(Dataset excerpt Opens)

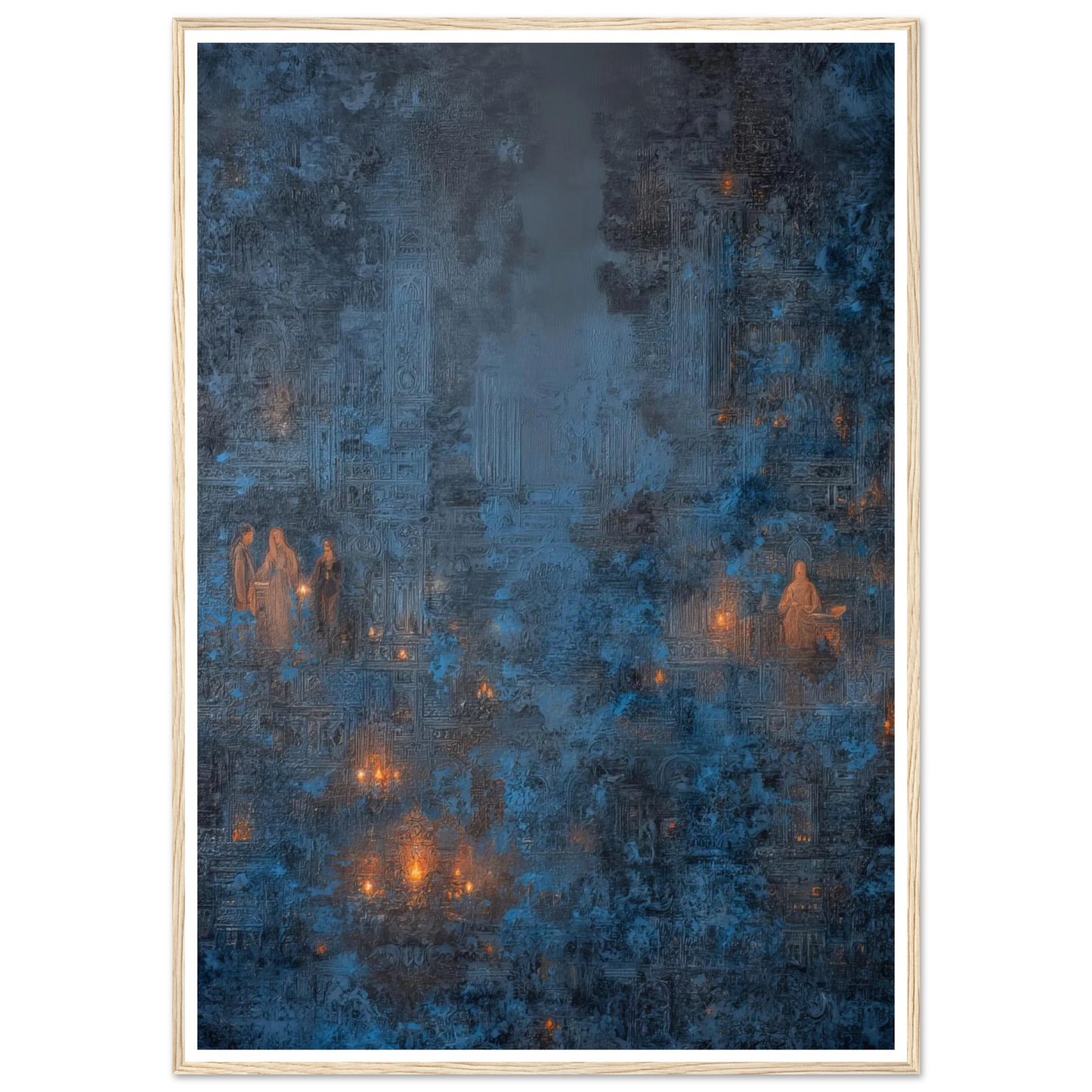 Pilgrims in The Ancient Cobalt - Framed Poster - 30x40 cm / 12x16″ - Black frame
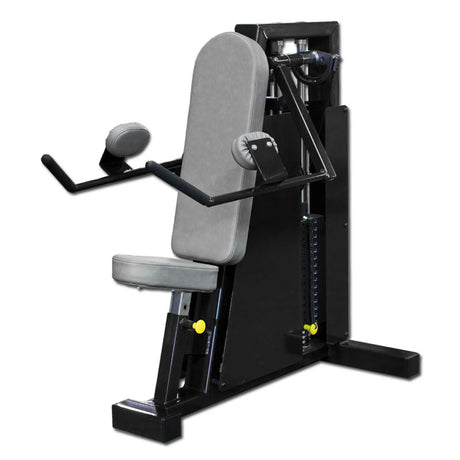 The Legend Fitness 962 Lateral Raise Machine by Legend Fitness is a black and gray seated gym machine with padded backrest, seat, and arm supports, designed for upper body workouts, featuring a visible weight stack on the side.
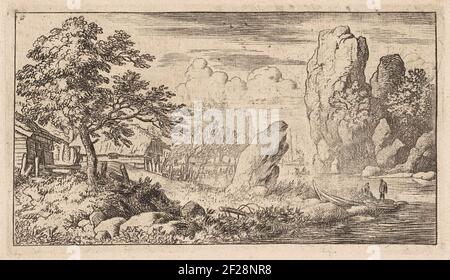 Landschap met rots aan het eau; de puntige rots aan het eau.vue d'un arbre et quelques maisons le long d'une rivière. Sur la rive un bateau à ramer, deux personnes et de hautes roches. Banque D'Images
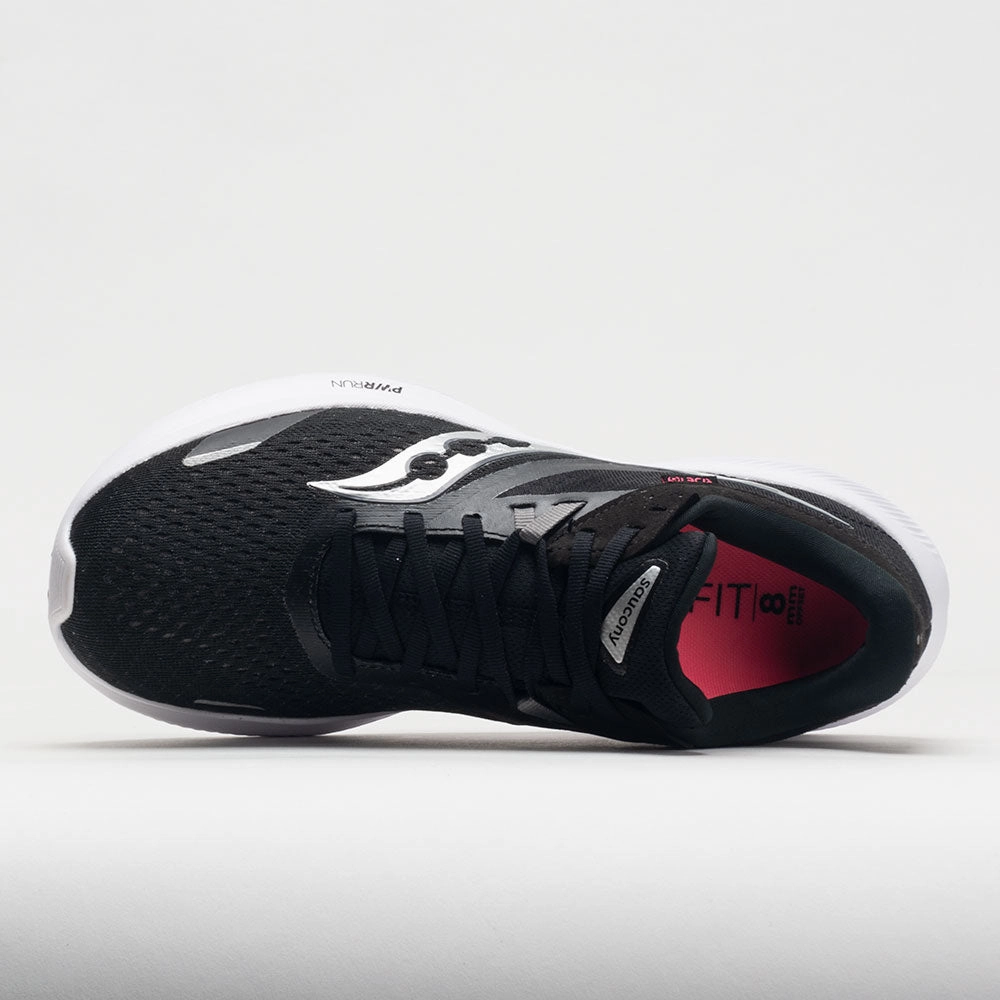 portable shoe benefit Saucony Ride 16 Women's  Black/White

(Dataset excerpt Closes)

§ **Problem to work on**:
None of the pictures should be kept; reproduce all the remaining material exactly.

§ **Result of the exercise**:
 Pilgrims in The Ancient Cobalt - Framed Poster - 30x40 cm / 12x16″ - Black frame
 The Legend Fitness 962 Lateral Raise Machine by Legend Fitness is a black and gray seated gym machine with padded backrest, seat, and arm supports, designed for upper body workouts, featuring a visible weight stack on the side.
 Landschap met rots aan het eau; de puntige rots aan het eau.vue d'un arbre et quelques maisons le long d'une rivière. Sur la rive un bateau à ramer, deux personnes et de hautes roches. Banque D'Images
 portable shoe benefit Saucony Ride 16 Women's  Black/White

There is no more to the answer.